Stereo matching in minimally invasive surgery (MIS) is essential for next-generation navigation and augmented reality. Yet, dense disparity supervision is nearly impossible due to anatomical constraints, typically limiting annotations to only a few image-level labels acquired before the endoscope enters deep body cavities. Teacher-Student Learning (TSL) offers a promising solution by leveraging a teacher trained on sparse labels to generate pseudo labels and associated confidence maps from abundant unlabeled surgical videos. However, existing TSL methods are confined to image-level supervision, providing only spatial confidence and lacking temporal consistency estimation. This absence of spatio-temporal reliability results in unstable disparity predictions and severe flickering artifacts across video frames. To overcome these challenges, we propose TiS-TSL, a novel time-switchable teacher-student learning framework for video stereo matching under minimal supervision. At its core is a unified model that operates in three distinct modes: Image-Prediction (IP), Forward Video-Prediction (FVP), and Backward Video-Prediction (BVP), enabling flexible temporal modeling within a single architecture. Enabled by this unified model, TiS-TSL adopts a two-stage learning strategy. The Image-to-Video (I2V) stage transfers sparse image-level knowledge to initialize temporal modeling. The subsequent Video-to-Video (V2V) stage refines temporal disparity predictions by comparing forward and backward predictions to calculate bidirectional spatio-temporal consistency. This consistency identifies unreliable regions across frames, filters noisy video-level pseudo labels, and enforces temporal coherence. Experimental results on two public datasets demonstrate that TiS-TSL exceeds other image-based state-of-the-arts by improving TEPE and EPE by at least 2.11% and 4.54%, respectively.

Paper Structure

This paper contains 26 sections, 10 equations, 4 figures, 4 tables.

Figures (4)

  • Figure 1: The overview of our proposed TiS-TSL. At its core is a time-switchable model, which operates in three distinct modes based on the flow patterns of the hidden states within the GRUs, i.e., Image-Prediction (IP), Forward Video-Prediction (FVP), and Backward Video-Prediction (BVP). Enabled by this model, TiS-TSL comprises two stages, i.e., Image-to-Video (I2V) stage and Video-to-Video (V2V) stage. The I2V stage aims to pretrain spatial components using labeled images while initializing temporal modeling on unlabeled video via pseudo-supervision. The subsequent V2V stage applies bidirectional prediction consistency to filter out unreliable regions in the pseudo labels, thereby explicitly reinforcing temporal consistency.
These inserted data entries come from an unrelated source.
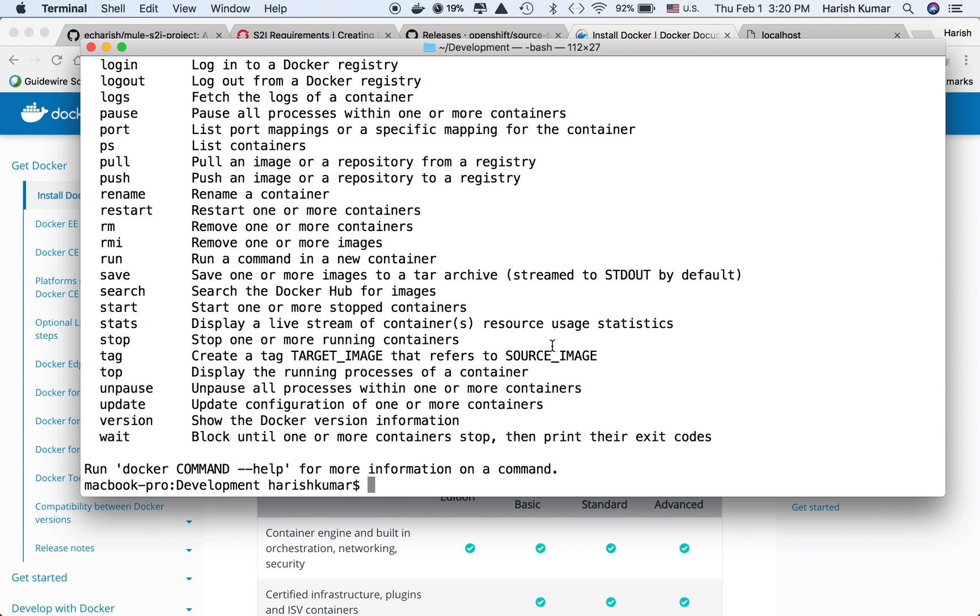In the next part of this video, I'll start updating the Dockerfile and we'll see how a base image is created and how that base image can be used to create an S2I image. I'll see you in the next video.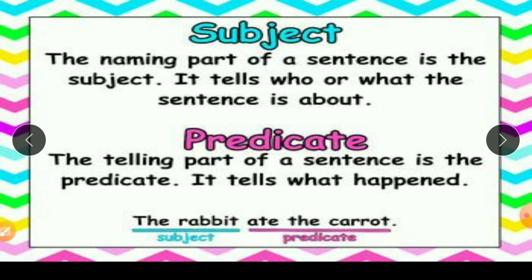Let's summarize. The naming part of a sentence is the subject — it can be a noun or a pronoun. It tells who or what the sentence is about, or whom we are talking about. The telling part of a sentence is the predicate — it tells what happened or what we are talking about regarding the subject.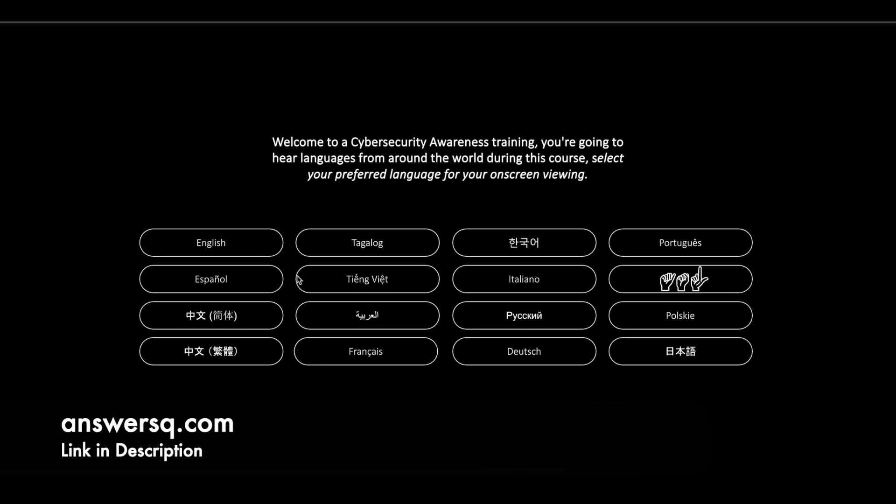Simply click on this button and you'll be directed to another page like this. In this page, first you have to choose your preferred language. So I'll go with English.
  • Figure 2: Qualitative comparisons with image-based methods on SCARED and Hamlyn videos. The second column represents the temporal image profiles obtained by slicing the images along the timeline at green-line positions. The subsequent columns represent the corresponding disparity profiles. The red arrows indicate highlight regions. OpenCV Jet Colormap is used for visualization.
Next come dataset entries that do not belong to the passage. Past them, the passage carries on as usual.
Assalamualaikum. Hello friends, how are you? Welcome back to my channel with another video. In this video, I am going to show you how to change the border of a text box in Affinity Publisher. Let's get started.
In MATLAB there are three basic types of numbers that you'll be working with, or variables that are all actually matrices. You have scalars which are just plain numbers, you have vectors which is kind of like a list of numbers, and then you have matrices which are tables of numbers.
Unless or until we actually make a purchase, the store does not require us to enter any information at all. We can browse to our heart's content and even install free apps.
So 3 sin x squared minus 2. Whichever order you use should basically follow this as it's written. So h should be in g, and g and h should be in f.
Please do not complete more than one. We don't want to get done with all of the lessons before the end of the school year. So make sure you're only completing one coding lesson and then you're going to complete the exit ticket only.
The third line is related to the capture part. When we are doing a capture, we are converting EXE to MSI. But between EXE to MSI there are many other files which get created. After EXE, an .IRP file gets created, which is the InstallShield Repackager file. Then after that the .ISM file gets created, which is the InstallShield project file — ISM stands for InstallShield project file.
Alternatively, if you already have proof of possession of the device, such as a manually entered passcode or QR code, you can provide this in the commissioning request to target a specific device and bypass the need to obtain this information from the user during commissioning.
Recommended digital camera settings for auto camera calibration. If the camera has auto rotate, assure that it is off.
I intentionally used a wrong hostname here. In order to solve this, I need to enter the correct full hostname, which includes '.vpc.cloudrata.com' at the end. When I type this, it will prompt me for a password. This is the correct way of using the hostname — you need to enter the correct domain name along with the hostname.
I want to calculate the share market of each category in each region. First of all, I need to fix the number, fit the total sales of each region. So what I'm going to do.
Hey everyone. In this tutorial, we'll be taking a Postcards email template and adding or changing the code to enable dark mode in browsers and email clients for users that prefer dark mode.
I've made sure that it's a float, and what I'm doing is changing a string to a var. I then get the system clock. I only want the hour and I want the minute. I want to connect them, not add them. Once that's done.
  • Figure 3: Error maps of predicted disparities on SCARED and Hamlyn. Regions indicated by red arrows in the figure represent flat areas, while those indicated by yellow arrows represent boundary areas. The black regions represent invalid pixels in the GT disparity.
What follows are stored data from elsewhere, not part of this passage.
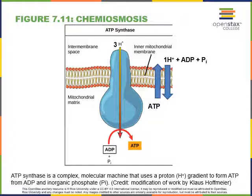As hydrogen ions travel through ATP synthase, there's a channel that allows them to move across the inner mitochondrial membrane and produce a rotation inside of the ATP synthase. That rotation is a mechanical energy that can be used to perform the work of synthesizing ATP by taking ADP and phosphate, joining them together to form adenosine triphosphate, or ATP.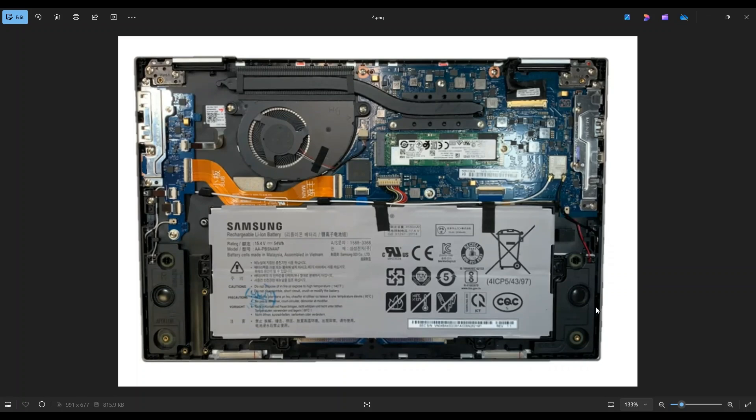Now, before I do anything in a computer, I make sure that the battery is either removed or at least unplugged. It's safer to work on a computer when as little power as possible is running through it. So in this computer, you can either unplug it first and just leave the battery in, or you can take the whole battery out. I'll show you how to do both now.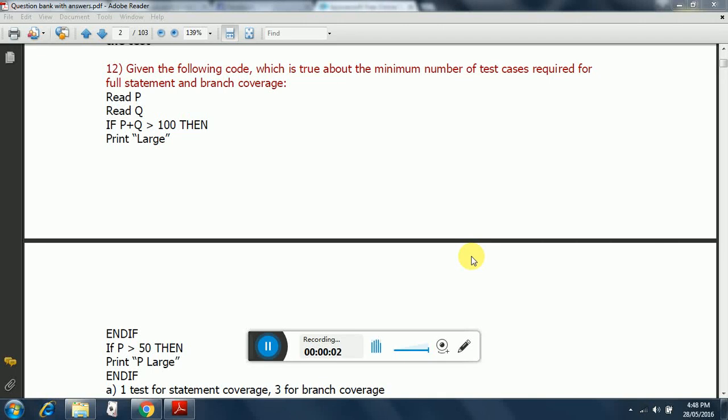Hello guys, today I will be covering one of the ISTQB foundation level questions that is frequently asked in the exams. I have given a proper solution as to how to approach such kind of questions.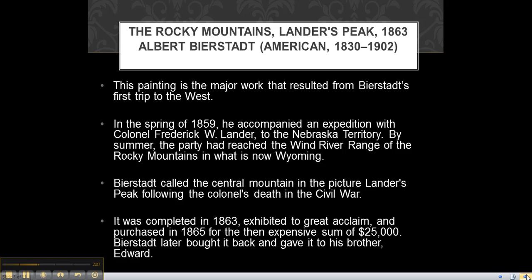Rocky Mountains, Landers Peak is a major work that resulted from Bierstadt's first trip to the West. In the spring of 1859, he accompanied an expedition with Colonel Frederick W. Lander to the Nebraska Territory. By summer, the party had reached the Wind River Range of the Rocky Mountains in what is now Wyoming. Bierstadt called the central mountain in the picture Landers Peak, following the colonel's death in the Civil War.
  • Figure 4: Qualitative comparisons with two video-based methods on SCARED videos. The second column represents the temporal image profiles obtained by slicing the images along the timeline at green-line positions. The subsequent columns represent the corresponding disparity profiles. The red arrows indicate highlight regions. OpenCV Jet Colormap is used for visualization.